Activity:
Please restate, word for word, the lines below that begin at the one with "Nidiata di Orgyia (Orgyia) antiqua" and end at the one with "Hay bales in a field". Leave out all other lines.

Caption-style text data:
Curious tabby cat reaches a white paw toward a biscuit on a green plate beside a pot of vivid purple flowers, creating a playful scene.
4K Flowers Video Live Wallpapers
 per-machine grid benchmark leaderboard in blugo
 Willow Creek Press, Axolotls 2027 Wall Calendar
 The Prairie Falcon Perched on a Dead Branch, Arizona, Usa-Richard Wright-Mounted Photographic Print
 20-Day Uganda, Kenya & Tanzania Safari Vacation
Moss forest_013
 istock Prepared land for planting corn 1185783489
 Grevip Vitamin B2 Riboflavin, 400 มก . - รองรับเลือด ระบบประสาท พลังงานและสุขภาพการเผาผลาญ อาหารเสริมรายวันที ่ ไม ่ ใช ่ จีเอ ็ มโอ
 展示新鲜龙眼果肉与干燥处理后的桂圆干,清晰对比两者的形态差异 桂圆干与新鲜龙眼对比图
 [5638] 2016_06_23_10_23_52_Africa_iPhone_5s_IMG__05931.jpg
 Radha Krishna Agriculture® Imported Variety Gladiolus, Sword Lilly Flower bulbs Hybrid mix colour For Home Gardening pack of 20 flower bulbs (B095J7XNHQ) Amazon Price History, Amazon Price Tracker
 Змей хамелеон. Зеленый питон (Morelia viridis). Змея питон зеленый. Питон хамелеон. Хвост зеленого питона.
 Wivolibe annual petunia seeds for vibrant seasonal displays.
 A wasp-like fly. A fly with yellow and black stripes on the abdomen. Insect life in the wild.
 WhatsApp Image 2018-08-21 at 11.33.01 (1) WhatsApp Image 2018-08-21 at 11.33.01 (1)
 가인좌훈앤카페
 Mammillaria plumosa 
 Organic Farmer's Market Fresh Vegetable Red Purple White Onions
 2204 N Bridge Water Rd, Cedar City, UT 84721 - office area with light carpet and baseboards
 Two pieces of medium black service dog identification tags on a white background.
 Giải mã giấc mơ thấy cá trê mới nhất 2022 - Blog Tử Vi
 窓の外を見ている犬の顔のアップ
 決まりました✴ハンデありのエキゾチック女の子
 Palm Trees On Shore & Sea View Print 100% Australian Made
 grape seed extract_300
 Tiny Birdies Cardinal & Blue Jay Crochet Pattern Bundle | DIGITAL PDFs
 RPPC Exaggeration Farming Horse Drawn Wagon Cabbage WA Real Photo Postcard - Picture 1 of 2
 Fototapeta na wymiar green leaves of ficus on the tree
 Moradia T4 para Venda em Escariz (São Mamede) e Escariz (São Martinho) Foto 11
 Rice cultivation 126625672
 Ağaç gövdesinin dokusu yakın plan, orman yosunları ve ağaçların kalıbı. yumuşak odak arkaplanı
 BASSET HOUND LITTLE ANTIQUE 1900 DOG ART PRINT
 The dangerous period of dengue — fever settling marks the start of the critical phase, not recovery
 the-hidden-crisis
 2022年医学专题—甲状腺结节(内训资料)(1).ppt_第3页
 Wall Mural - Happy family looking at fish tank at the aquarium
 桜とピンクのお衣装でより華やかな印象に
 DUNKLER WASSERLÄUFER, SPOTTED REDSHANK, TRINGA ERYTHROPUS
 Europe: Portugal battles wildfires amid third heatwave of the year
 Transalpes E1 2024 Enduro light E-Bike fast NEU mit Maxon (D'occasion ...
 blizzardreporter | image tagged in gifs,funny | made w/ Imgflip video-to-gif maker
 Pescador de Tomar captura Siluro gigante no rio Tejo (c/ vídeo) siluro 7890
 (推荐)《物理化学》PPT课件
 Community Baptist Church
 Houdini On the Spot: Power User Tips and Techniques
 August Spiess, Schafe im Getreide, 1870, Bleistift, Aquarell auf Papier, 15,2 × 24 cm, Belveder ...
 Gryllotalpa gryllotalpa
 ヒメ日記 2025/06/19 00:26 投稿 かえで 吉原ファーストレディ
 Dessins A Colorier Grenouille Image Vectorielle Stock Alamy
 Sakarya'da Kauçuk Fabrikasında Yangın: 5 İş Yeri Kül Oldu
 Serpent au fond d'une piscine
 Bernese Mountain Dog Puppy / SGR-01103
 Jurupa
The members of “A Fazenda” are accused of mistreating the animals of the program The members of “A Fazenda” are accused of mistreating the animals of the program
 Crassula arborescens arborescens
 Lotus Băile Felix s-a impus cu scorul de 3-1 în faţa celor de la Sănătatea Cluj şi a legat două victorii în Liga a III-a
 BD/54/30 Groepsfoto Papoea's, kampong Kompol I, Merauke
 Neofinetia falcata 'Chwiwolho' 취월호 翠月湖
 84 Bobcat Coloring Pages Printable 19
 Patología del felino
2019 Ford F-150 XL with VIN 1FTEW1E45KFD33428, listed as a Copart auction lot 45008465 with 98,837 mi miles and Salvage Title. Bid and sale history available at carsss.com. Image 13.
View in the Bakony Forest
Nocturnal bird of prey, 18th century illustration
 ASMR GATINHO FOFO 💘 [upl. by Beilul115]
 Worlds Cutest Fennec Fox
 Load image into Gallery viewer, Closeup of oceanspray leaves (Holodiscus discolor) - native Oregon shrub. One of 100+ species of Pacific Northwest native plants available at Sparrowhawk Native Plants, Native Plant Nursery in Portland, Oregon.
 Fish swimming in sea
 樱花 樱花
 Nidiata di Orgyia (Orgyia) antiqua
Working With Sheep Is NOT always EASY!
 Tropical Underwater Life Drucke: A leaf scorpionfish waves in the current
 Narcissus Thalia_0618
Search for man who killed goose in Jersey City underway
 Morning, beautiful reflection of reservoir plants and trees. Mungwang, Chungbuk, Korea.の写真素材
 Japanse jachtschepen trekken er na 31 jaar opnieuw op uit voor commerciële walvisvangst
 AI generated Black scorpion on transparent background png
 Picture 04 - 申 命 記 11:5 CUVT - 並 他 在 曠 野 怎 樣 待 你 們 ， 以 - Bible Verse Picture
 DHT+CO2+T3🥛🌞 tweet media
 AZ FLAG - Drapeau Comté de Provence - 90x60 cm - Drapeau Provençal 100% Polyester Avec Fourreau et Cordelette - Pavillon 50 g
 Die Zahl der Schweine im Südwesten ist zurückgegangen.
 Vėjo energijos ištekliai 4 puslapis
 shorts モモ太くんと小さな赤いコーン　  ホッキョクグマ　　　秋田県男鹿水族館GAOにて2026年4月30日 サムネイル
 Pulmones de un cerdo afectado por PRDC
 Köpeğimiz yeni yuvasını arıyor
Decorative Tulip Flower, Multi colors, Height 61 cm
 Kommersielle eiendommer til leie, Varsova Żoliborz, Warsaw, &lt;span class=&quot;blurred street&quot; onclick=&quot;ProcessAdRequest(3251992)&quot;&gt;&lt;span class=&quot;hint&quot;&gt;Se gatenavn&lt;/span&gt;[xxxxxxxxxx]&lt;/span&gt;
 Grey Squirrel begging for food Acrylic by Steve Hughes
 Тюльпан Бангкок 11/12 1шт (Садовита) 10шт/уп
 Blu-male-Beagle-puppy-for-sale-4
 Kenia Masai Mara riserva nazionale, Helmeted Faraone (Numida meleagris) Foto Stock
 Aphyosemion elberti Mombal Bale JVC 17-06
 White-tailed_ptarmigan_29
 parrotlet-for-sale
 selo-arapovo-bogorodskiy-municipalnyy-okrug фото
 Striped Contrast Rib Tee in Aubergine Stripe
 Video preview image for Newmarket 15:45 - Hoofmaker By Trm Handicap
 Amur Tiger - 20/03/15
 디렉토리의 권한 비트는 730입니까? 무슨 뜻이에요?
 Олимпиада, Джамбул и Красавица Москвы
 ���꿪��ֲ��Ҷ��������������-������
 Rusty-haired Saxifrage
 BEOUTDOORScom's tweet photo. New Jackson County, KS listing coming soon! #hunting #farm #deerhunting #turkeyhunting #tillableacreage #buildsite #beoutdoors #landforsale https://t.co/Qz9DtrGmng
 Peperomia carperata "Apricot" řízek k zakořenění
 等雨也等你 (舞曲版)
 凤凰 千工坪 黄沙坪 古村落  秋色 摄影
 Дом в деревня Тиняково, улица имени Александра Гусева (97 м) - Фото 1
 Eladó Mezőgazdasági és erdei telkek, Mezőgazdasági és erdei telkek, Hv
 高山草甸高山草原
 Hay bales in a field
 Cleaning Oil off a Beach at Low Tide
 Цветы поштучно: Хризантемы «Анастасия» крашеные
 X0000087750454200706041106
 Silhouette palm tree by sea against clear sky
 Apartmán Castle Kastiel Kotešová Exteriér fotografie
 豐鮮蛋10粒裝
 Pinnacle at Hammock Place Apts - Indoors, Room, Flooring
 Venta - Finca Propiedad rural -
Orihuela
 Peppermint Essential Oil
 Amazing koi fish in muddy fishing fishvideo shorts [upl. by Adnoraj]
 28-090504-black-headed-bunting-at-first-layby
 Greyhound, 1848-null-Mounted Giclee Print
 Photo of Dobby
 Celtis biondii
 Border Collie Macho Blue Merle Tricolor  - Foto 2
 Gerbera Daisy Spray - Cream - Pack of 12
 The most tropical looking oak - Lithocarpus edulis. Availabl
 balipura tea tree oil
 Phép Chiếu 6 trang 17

Your solution:
 Nidiata di Orgyia (Orgyia) antiqua
Working With Sheep Is NOT always EASY!
 Tropical Underwater Life Drucke: A leaf scorpionfish waves in the current
 Narcissus Thalia_0618
Search for man who killed goose in Jersey City underway
 Morning, beautiful reflection of reservoir plants and trees. Mungwang, Chungbuk, Korea.の写真素材
 Japanse jachtschepen trekken er na 31 jaar opnieuw op uit voor commerciële walvisvangst
 AI generated Black scorpion on transparent background png
 Picture 04 - 申 命 記 11:5 CUVT - 並 他 在 曠 野 怎 樣 待 你 們 ， 以 - Bible Verse Picture
 DHT+CO2+T3🥛🌞 tweet media
 AZ FLAG - Drapeau Comté de Provence - 90x60 cm - Drapeau Provençal 100% Polyester Avec Fourreau et Cordelette - Pavillon 50 g
 Die Zahl der Schweine im Südwesten ist zurückgegangen.
 Vėjo energijos ištekliai 4 puslapis
 shorts モモ太くんと小さな赤いコーン　  ホッキョクグマ　　　秋田県男鹿水族館GAOにて2026年4月30日 サムネイル
 Pulmones de un cerdo afectado por PRDC
 Köpeğimiz yeni yuvasını arıyor
Decorative Tulip Flower, Multi colors, Height 61 cm
 Kommersielle eiendommer til leie, Varsova Żoliborz, Warsaw, &lt;span class=&quot;blurred street&quot; onclick=&quot;ProcessAdRequest(3251992)&quot;&gt;&lt;span class=&quot;hint&quot;&gt;Se gatenavn&lt;/span&gt;[xxxxxxxxxx]&lt;/span&gt;
 Grey Squirrel begging for food Acrylic by Steve Hughes
 Тюльпан Бангкок 11/12 1шт (Садовита) 10шт/уп
 Blu-male-Beagle-puppy-for-sale-4
 Kenia Masai Mara riserva nazionale, Helmeted Faraone (Numida meleagris) Foto Stock
 Aphyosemion elberti Mombal Bale JVC 17-06
 White-tailed_ptarmigan_29
 parrotlet-for-sale
 selo-arapovo-bogorodskiy-municipalnyy-okrug фото
 Striped Contrast Rib Tee in Aubergine Stripe
 Video preview image for Newmarket 15:45 - Hoofmaker By Trm Handicap
 Amur Tiger - 20/03/15
 디렉토리의 권한 비트는 730입니까? 무슨 뜻이에요?
 Олимпиада, Джамбул и Красавица Москвы
 ���꿪��ֲ��Ҷ��������������-������
 Rusty-haired Saxifrage
 BEOUTDOORScom's tweet photo. New Jackson County, KS listing coming soon! #hunting #farm #deerhunting #turkeyhunting #tillableacreage #buildsite #beoutdoors #landforsale https://t.co/Qz9DtrGmng
 Peperomia carperata "Apricot" řízek k zakořenění
 等雨也等你 (舞曲版)
 凤凰 千工坪 黄沙坪 古村落  秋色 摄影
 Дом в деревня Тиняково, улица имени Александра Гусева (97 м) - Фото 1
 Eladó Mezőgazdasági és erdei telkek, Mezőgazdasági és erdei telkek, Hv
 高山草甸高山草原
 Hay bales in a field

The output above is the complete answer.